Caption-style text data -
_ _ _ _ _

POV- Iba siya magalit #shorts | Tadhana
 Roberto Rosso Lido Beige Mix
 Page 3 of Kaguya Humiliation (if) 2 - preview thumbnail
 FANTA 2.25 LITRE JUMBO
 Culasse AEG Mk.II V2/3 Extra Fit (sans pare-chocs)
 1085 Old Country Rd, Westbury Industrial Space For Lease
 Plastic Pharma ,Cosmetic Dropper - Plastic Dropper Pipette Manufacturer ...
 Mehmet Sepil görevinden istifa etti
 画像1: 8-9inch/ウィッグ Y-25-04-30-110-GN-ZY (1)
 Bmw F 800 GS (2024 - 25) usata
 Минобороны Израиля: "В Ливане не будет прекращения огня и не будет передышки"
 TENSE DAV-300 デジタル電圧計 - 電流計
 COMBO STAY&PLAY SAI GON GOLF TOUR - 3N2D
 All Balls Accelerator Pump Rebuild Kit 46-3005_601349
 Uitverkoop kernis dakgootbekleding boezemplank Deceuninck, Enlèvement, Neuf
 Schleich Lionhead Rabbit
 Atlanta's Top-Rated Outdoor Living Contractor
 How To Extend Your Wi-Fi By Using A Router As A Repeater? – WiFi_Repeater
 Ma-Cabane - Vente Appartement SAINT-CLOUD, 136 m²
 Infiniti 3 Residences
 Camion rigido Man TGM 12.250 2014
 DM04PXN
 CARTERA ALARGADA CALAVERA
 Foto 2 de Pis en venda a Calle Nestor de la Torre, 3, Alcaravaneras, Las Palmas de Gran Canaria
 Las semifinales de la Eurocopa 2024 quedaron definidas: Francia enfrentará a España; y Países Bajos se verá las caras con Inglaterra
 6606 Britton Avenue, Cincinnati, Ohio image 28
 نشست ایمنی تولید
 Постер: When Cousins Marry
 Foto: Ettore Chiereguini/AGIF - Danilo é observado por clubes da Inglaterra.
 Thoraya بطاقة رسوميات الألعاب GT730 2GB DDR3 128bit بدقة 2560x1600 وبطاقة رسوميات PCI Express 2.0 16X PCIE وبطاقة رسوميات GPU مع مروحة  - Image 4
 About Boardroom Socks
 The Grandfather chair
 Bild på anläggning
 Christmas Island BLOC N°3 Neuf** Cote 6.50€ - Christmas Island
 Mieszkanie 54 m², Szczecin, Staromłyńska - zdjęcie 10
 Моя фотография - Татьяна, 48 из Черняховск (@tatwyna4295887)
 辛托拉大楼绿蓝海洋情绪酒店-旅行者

_ _ _ _ _

Exercise objective -
Could you return exactly the stretch of the data above that starts at the line with "Uitverkoop kernis dakgootbekleding" and ends at the line with "Foto: Ettore Chiereguini/AGIF", both lines included?

Solution -
 Uitverkoop kernis dakgootbekleding boezemplank Deceuninck, Enlèvement, Neuf
 Schleich Lionhead Rabbit
 Atlanta's Top-Rated Outdoor Living Contractor
 How To Extend Your Wi-Fi By Using A Router As A Repeater? – WiFi_Repeater
 Ma-Cabane - Vente Appartement SAINT-CLOUD, 136 m²
 Infiniti 3 Residences
 Camion rigido Man TGM 12.250 2014
 DM04PXN
 CARTERA ALARGADA CALAVERA
 Foto 2 de Pis en venda a Calle Nestor de la Torre, 3, Alcaravaneras, Las Palmas de Gran Canaria
 Las semifinales de la Eurocopa 2024 quedaron definidas: Francia enfrentará a España; y Países Bajos se verá las caras con Inglaterra
 6606 Britton Avenue, Cincinnati, Ohio image 28
 نشست ایمنی تولید
 Постер: When Cousins Marry
 Foto: Ettore Chiereguini/AGIF - Danilo é observado por clubes da Inglaterra.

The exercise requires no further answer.